= Beginning of Section =

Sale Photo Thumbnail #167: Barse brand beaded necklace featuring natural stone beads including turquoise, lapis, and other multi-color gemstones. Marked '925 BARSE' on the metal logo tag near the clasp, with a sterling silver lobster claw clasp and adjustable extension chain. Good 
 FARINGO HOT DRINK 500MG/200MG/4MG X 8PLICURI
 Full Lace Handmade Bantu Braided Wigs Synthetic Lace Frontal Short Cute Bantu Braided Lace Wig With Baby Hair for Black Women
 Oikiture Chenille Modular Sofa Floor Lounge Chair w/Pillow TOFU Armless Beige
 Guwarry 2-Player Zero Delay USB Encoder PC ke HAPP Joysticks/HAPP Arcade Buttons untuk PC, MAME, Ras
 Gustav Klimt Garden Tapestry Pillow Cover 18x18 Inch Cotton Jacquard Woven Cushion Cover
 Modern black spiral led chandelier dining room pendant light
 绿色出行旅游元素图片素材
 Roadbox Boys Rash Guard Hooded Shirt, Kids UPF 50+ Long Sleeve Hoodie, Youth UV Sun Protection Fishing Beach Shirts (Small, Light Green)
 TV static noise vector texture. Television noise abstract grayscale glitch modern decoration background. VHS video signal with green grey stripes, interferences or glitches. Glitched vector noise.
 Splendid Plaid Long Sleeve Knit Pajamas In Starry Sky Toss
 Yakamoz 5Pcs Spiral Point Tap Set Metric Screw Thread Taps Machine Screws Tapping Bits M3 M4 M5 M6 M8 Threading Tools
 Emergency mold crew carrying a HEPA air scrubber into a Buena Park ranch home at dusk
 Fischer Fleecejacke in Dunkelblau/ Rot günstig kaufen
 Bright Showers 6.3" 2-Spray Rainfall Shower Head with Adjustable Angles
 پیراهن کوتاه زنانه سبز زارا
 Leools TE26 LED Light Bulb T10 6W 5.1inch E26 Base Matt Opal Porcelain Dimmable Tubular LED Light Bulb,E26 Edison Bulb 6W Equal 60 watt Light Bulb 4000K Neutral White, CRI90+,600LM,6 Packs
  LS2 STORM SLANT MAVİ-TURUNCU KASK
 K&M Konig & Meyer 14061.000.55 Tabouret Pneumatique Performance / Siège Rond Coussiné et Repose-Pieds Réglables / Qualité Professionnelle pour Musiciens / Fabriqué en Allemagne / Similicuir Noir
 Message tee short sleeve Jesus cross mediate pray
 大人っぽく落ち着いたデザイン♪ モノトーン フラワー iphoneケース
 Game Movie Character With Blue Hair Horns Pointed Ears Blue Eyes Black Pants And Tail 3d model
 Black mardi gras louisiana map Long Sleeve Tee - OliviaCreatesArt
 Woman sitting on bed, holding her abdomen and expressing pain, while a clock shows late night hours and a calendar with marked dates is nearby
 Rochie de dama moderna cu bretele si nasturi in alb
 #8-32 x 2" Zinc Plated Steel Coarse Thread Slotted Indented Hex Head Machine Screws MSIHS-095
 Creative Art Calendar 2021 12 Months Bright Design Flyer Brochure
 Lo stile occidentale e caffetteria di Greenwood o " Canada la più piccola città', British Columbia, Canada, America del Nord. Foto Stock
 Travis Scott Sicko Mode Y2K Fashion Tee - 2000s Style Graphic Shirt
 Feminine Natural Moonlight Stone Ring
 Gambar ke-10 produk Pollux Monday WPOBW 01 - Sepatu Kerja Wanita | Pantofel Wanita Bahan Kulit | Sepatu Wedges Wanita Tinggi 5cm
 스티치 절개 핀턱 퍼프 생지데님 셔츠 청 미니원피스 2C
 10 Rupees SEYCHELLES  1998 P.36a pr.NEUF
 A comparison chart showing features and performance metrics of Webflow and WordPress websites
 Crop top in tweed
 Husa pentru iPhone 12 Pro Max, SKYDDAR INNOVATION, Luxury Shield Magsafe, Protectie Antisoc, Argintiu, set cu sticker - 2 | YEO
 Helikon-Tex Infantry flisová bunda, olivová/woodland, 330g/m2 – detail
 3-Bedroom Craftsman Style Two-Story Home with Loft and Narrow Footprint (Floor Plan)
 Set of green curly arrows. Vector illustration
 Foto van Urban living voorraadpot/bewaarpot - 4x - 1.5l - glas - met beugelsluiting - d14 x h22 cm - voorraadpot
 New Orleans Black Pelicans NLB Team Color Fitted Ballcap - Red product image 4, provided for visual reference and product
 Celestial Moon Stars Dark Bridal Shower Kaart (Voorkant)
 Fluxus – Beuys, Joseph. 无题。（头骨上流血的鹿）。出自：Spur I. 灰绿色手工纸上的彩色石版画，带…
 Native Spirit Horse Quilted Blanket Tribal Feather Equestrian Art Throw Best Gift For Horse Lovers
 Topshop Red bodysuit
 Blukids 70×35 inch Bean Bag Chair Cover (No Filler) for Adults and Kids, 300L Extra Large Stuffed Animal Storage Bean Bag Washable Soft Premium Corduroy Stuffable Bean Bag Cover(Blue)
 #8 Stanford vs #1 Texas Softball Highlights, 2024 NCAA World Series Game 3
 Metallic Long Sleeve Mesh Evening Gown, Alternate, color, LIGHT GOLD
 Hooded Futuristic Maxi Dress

= End of Section =

_WORK TASK_
Write out every entry above, word for word.

_SOLUTION TO THE PROBLEM_
Sale Photo Thumbnail #167: Barse brand beaded necklace featuring natural stone beads including turquoise, lapis, and other multi-color gemstones. Marked '925 BARSE' on the metal logo tag near the clasp, with a sterling silver lobster claw clasp and adjustable extension chain. Good 
 FARINGO HOT DRINK 500MG/200MG/4MG X 8PLICURI
 Full Lace Handmade Bantu Braided Wigs Synthetic Lace Frontal Short Cute Bantu Braided Lace Wig With Baby Hair for Black Women
 Oikiture Chenille Modular Sofa Floor Lounge Chair w/Pillow TOFU Armless Beige
 Guwarry 2-Player Zero Delay USB Encoder PC ke HAPP Joysticks/HAPP Arcade Buttons untuk PC, MAME, Ras
 Gustav Klimt Garden Tapestry Pillow Cover 18x18 Inch Cotton Jacquard Woven Cushion Cover
 Modern black spiral led chandelier dining room pendant light
 绿色出行旅游元素图片素材
 Roadbox Boys Rash Guard Hooded Shirt, Kids UPF 50+ Long Sleeve Hoodie, Youth UV Sun Protection Fishing Beach Shirts (Small, Light Green)
 TV static noise vector texture. Television noise abstract grayscale glitch modern decoration background. VHS video signal with green grey stripes, interferences or glitches. Glitched vector noise.
 Splendid Plaid Long Sleeve Knit Pajamas In Starry Sky Toss
 Yakamoz 5Pcs Spiral Point Tap Set Metric Screw Thread Taps Machine Screws Tapping Bits M3 M4 M5 M6 M8 Threading Tools
 Emergency mold crew carrying a HEPA air scrubber into a Buena Park ranch home at dusk
 Fischer Fleecejacke in Dunkelblau/ Rot günstig kaufen
 Bright Showers 6.3" 2-Spray Rainfall Shower Head with Adjustable Angles
 پیراهن کوتاه زنانه سبز زارا
 Leools TE26 LED Light Bulb T10 6W 5.1inch E26 Base Matt Opal Porcelain Dimmable Tubular LED Light Bulb,E26 Edison Bulb 6W Equal 60 watt Light Bulb 4000K Neutral White, CRI90+,600LM,6 Packs
  LS2 STORM SLANT MAVİ-TURUNCU KASK
 K&M Konig & Meyer 14061.000.55 Tabouret Pneumatique Performance / Siège Rond Coussiné et Repose-Pieds Réglables / Qualité Professionnelle pour Musiciens / Fabriqué en Allemagne / Similicuir Noir
 Message tee short sleeve Jesus cross mediate pray
 大人っぽく落ち着いたデザイン♪ モノトーン フラワー iphoneケース
 Game Movie Character With Blue Hair Horns Pointed Ears Blue Eyes Black Pants And Tail 3d model
 Black mardi gras louisiana map Long Sleeve Tee - OliviaCreatesArt
 Woman sitting on bed, holding her abdomen and expressing pain, while a clock shows late night hours and a calendar with marked dates is nearby
 Rochie de dama moderna cu bretele si nasturi in alb
 #8-32 x 2" Zinc Plated Steel Coarse Thread Slotted Indented Hex Head Machine Screws MSIHS-095
 Creative Art Calendar 2021 12 Months Bright Design Flyer Brochure
 Lo stile occidentale e caffetteria di Greenwood o " Canada la più piccola città', British Columbia, Canada, America del Nord. Foto Stock
 Travis Scott Sicko Mode Y2K Fashion Tee - 2000s Style Graphic Shirt
 Feminine Natural Moonlight Stone Ring
 Gambar ke-10 produk Pollux Monday WPOBW 01 - Sepatu Kerja Wanita | Pantofel Wanita Bahan Kulit | Sepatu Wedges Wanita Tinggi 5cm
 스티치 절개 핀턱 퍼프 생지데님 셔츠 청 미니원피스 2C
 10 Rupees SEYCHELLES  1998 P.36a pr.NEUF
 A comparison chart showing features and performance metrics of Webflow and WordPress websites
 Crop top in tweed
 Husa pentru iPhone 12 Pro Max, SKYDDAR INNOVATION, Luxury Shield Magsafe, Protectie Antisoc, Argintiu, set cu sticker - 2 | YEO
 Helikon-Tex Infantry flisová bunda, olivová/woodland, 330g/m2 – detail
 3-Bedroom Craftsman Style Two-Story Home with Loft and Narrow Footprint (Floor Plan)
 Set of green curly arrows. Vector illustration
 Foto van Urban living voorraadpot/bewaarpot - 4x - 1.5l - glas - met beugelsluiting - d14 x h22 cm - voorraadpot
 New Orleans Black Pelicans NLB Team Color Fitted Ballcap - Red product image 4, provided for visual reference and product
 Celestial Moon Stars Dark Bridal Shower Kaart (Voorkant)
 Fluxus – Beuys, Joseph. 无题。（头骨上流血的鹿）。出自：Spur I. 灰绿色手工纸上的彩色石版画，带…
 Native Spirit Horse Quilted Blanket Tribal Feather Equestrian Art Throw Best Gift For Horse Lovers
 Topshop Red bodysuit
 Blukids 70×35 inch Bean Bag Chair Cover (No Filler) for Adults and Kids, 300L Extra Large Stuffed Animal Storage Bean Bag Washable Soft Premium Corduroy Stuffable Bean Bag Cover(Blue)
 #8 Stanford vs #1 Texas Softball Highlights, 2024 NCAA World Series Game 3
 Metallic Long Sleeve Mesh Evening Gown, Alternate, color, LIGHT GOLD
 Hooded Futuristic Maxi Dress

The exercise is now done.